### Data section
+ + + + + + +
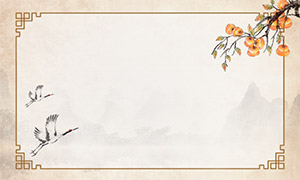 中國風水墨山水仙鶴裝飾背景PSD素材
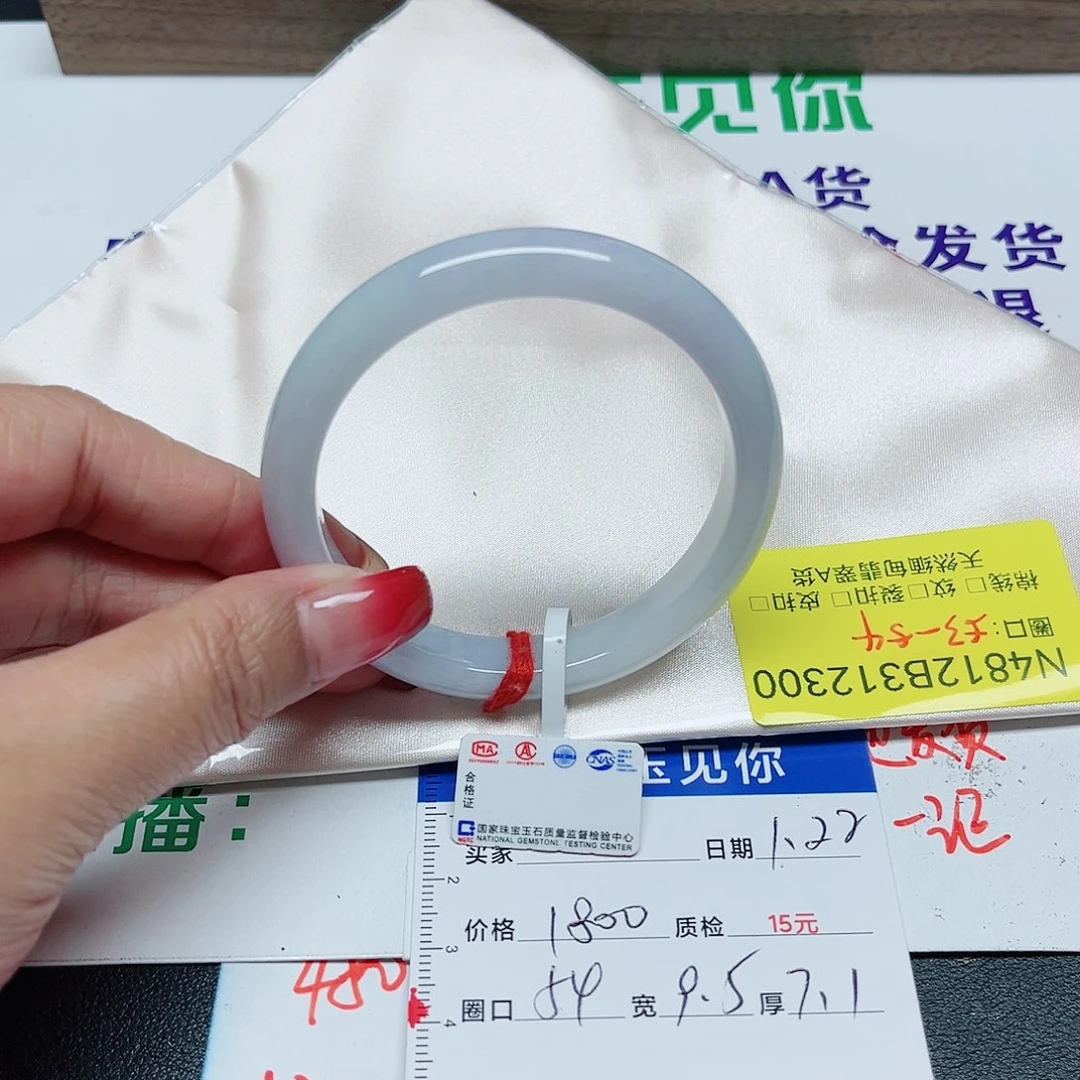 翡翠手镯未镶嵌翡翠手镯54/12300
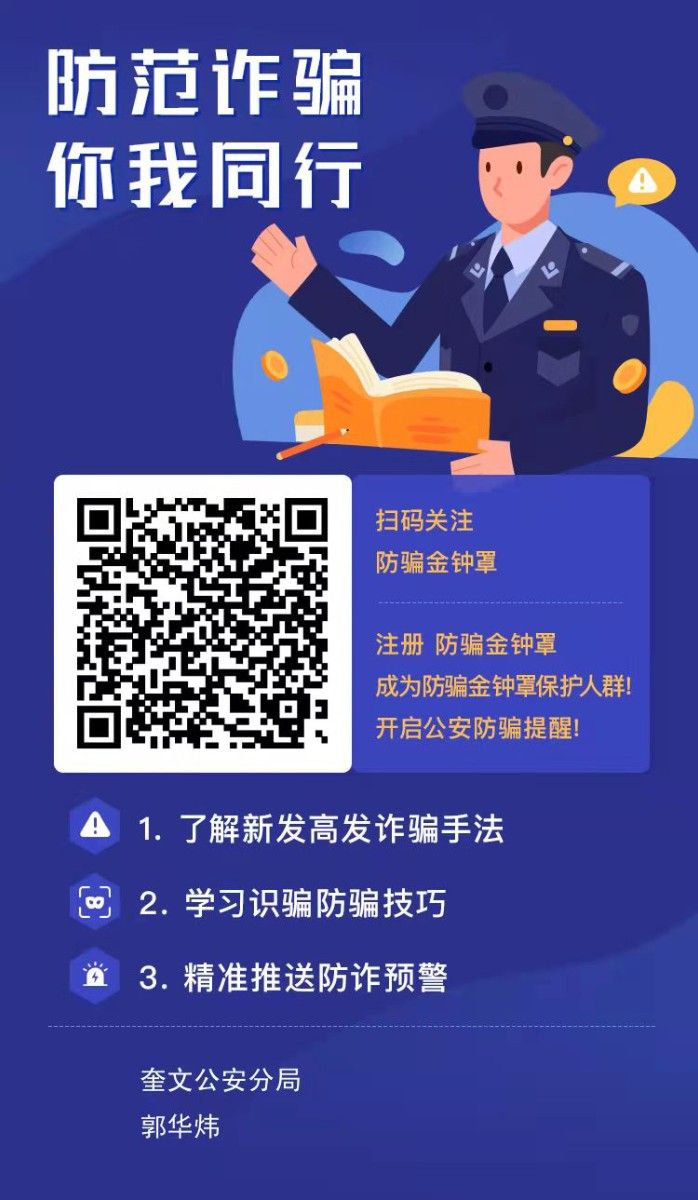 防范詐騙，你我同行，掃碼關注下載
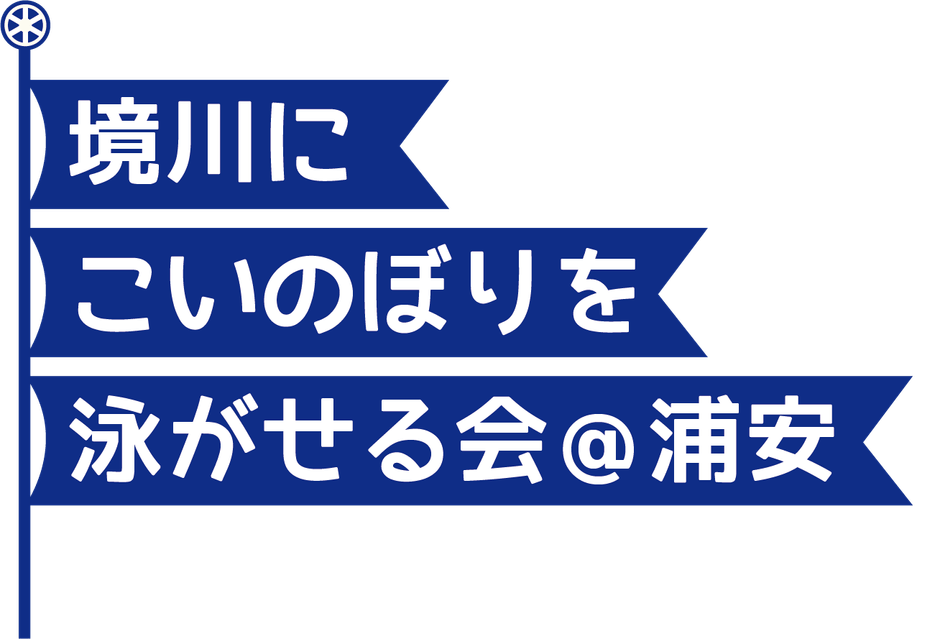 境川にこいのぼりを泳がせる会＠浦安 ロゴ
+ + + + + + +
### Required work
Reproduce the whole listing verbatim and keep all pictures out of it.

### Answer for the task
 中國風水墨山水仙鶴裝飾背景PSD素材
 翡翠手镯未镶嵌翡翠手镯54/12300
 防范詐騙，你我同行，掃碼關注下載
 境川にこいのぼりを泳がせる会＠浦安 ロゴ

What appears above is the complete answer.